狭いナゴヤ球場からドーム球場に本拠地移転してからを振り返ると、中日が強い時期は「守り勝つ野球」が共通している。
ドーム初年度の97年、前年の2位から最下位に陥落すると、当時の星野仙一監督は長打力重視の野球から機動力、守備力を強化する野球にシフトした。本塁打王の実績もある大豊泰昭、矢野燿大を放出する交換トレードで、阪神から関川浩一、久慈照嘉を獲得。投手陣の補強にも動き、先発要員として武田一浩をFAで獲得し、韓国人投手のサムソン・リー、宣銅烈も加入して強固なブルペン陣を作りあげた。その結果、99年にリーグ優勝を飾った。
落合博満元監督が黄金時代を築いた時も、ディフェンスを重視した野球だった。荒木雅博、井端弘和の鉄壁の二遊間「アライバ」が象徴的だが、強固な守備陣と投手陣でロースコアの展開に持ち込む。落合政権の04年から8年間、すべてのシーズンでAクラスに入り、リーグ優勝4度、07年には日本一に輝いた。当時中日を取材していたスポーツ紙記者はこう語る。

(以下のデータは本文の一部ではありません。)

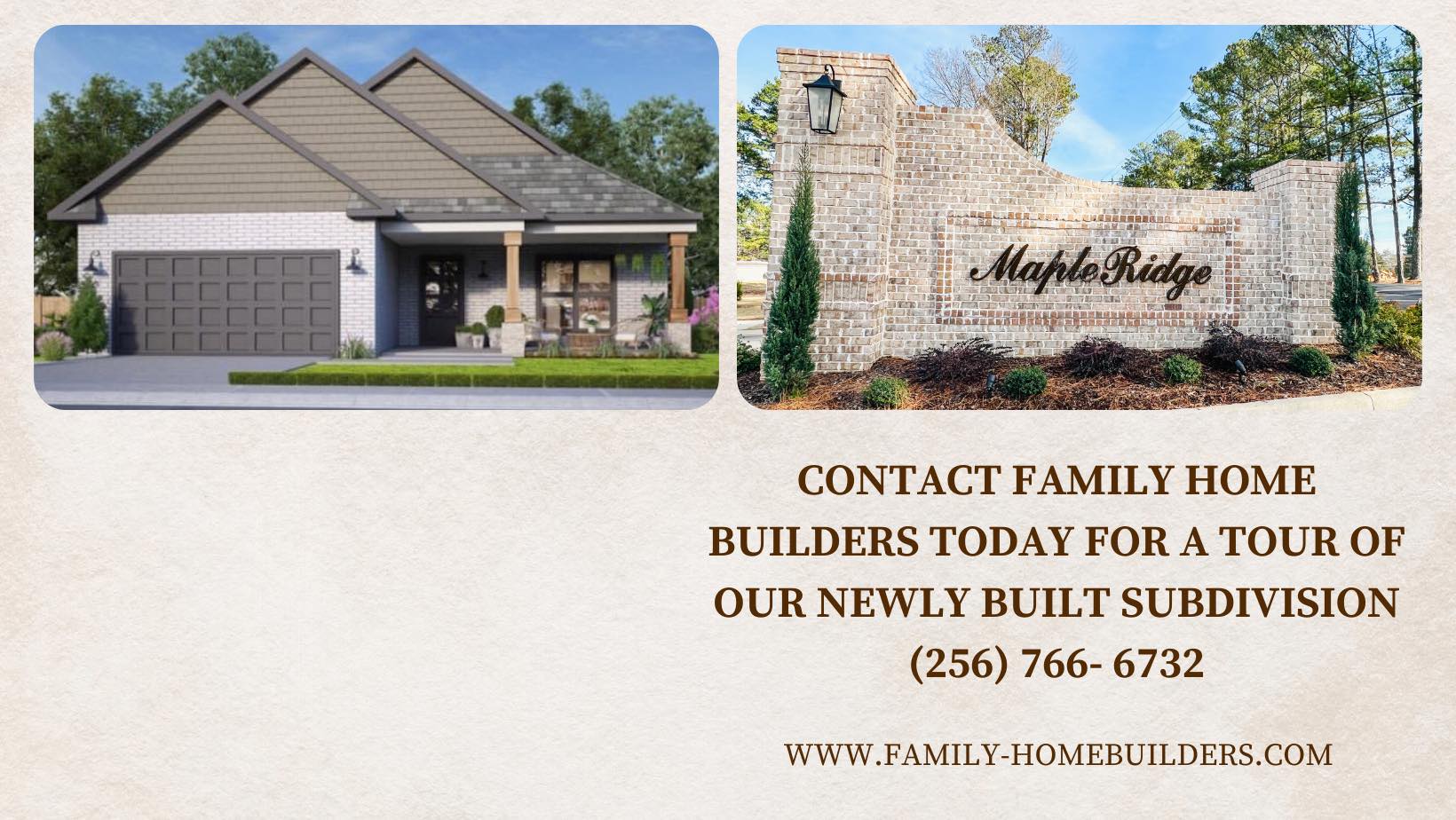 Maple Ridge Subdivision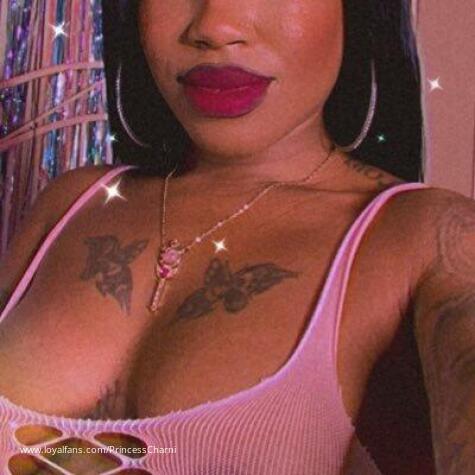 Princess Charni Ebony Femdom avatar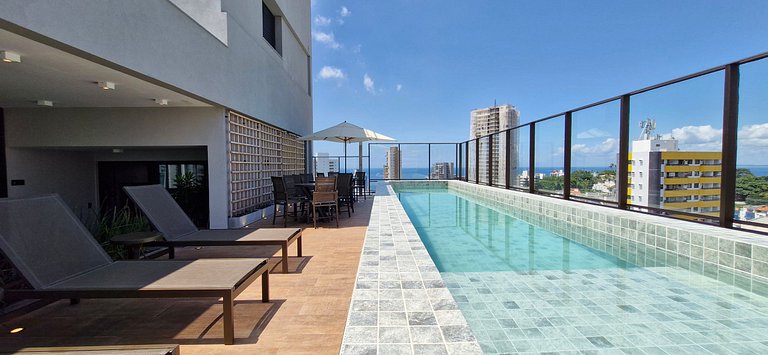 COBAR0144 - Studio moderno na Barra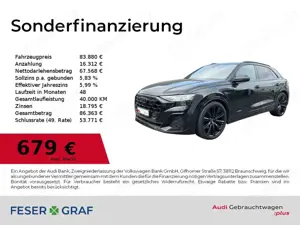 Audi Q8 S line 50 TDI /AIR/Matrix/Pano/BO/Stdhzg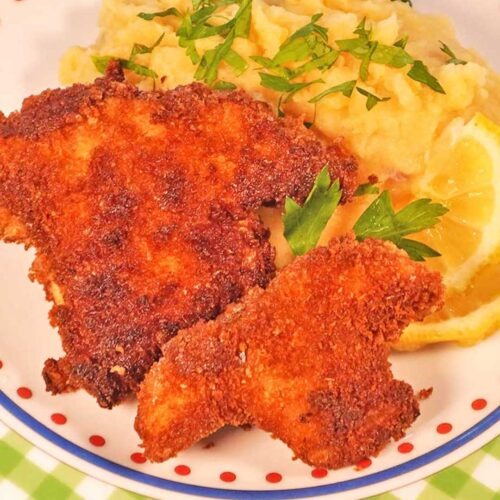 Steinpilz-Schnitzel Rezept vegetarisch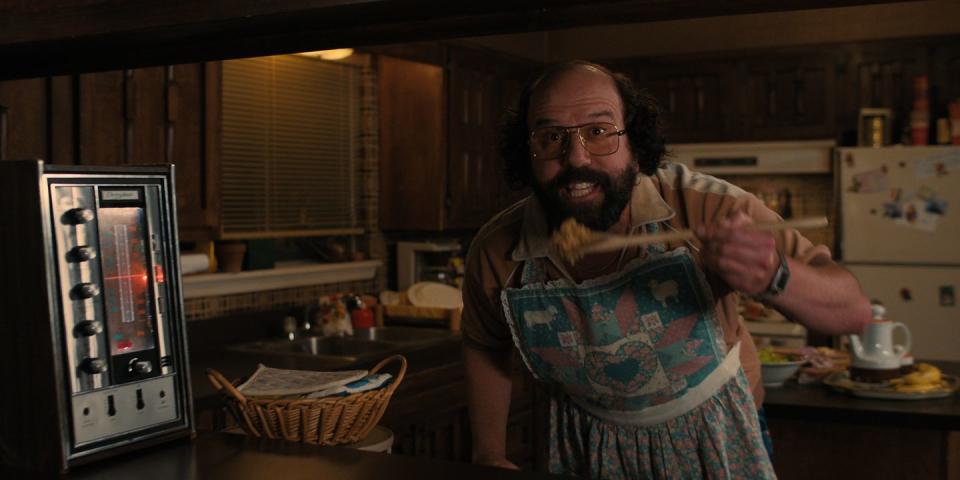 stranger things brett gelman as murray bauman in stranger things cr courtesy of netflix © 2022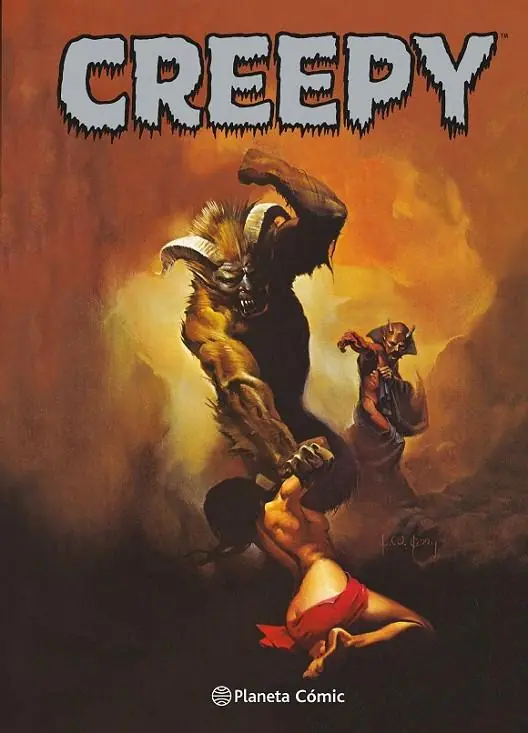 Precio Rebajado CREEPY INTEGRAL CARTONÉ Nº 17/29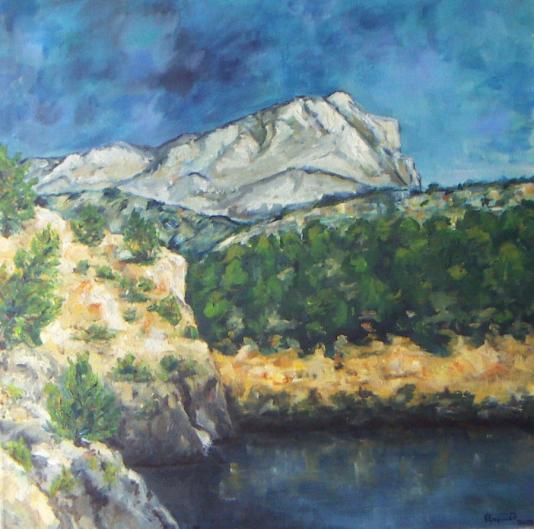 Ste Victoire Lac Bimont - Georges Ruault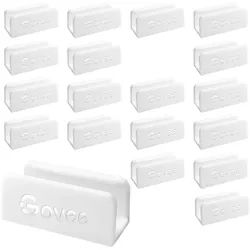 GOVEE Klammer für Neon LED-Strips, 20 Stück, weiß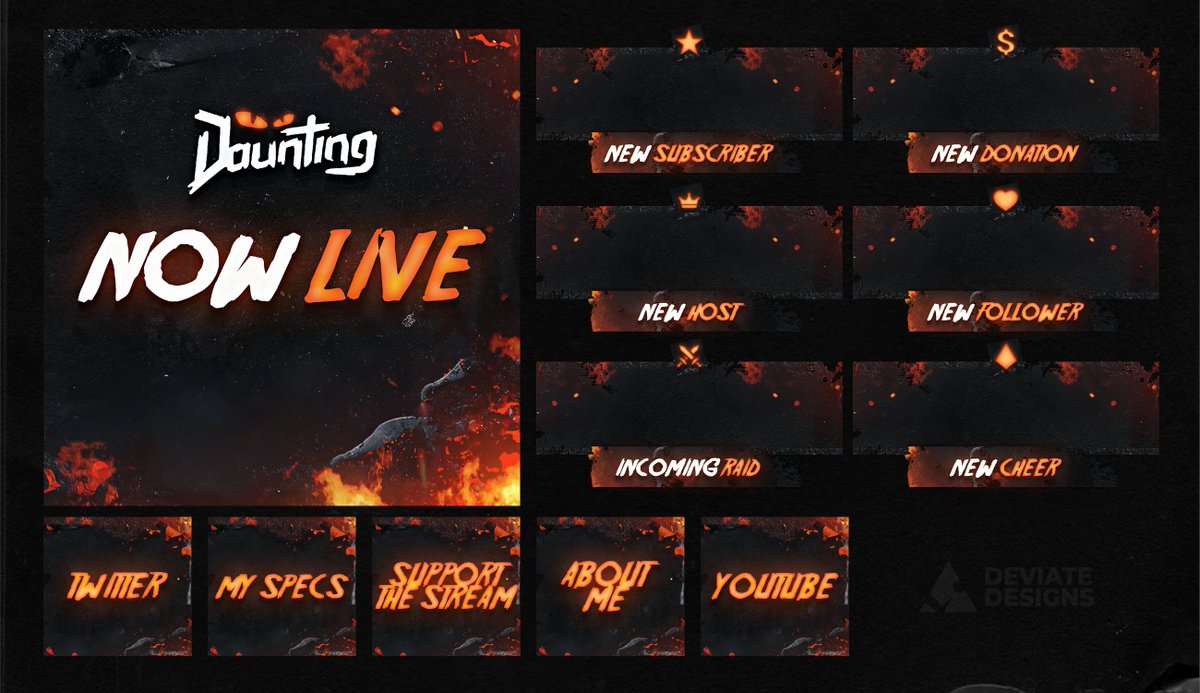 Deviate Designs tweet media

「落合さんはこの球場で勝つためには守り勝つ野球しかないと考えたのでしょう。『点が入らないからつまらない』『退屈な野球』と周りから揶揄する声がありましたが、勝ちに徹する野球は最後までブレなかった。1-2で負けた時も、先発投手に『2点取られたおまえが悪い』って言っていましたから。そんなことを言う監督は落合さんぐらいでしょう。今の中日を見ると、攻守で野球の質が低い。緻密なプレーを大事にしないから余計な失点が多く、好機を作っても得点が入らない。ホームランテラスを設置したりフェンスを低くしたりすれば得点は入りやすくなりますが、その前に野球の質を上げなければ、低迷期から脱することは難しい」
ホームランが野球の華であることは間違いない。得点が入りやすい球場のほうがファンも盛り上がる。だが、ファンが何より求めているのは、強いチームだろう。数年後に球場が狭くなったとしても、低迷が続いているようだとファンに見放されかねない。まずは井上一樹新監督がどのようにチームを立て直すか、注目したい。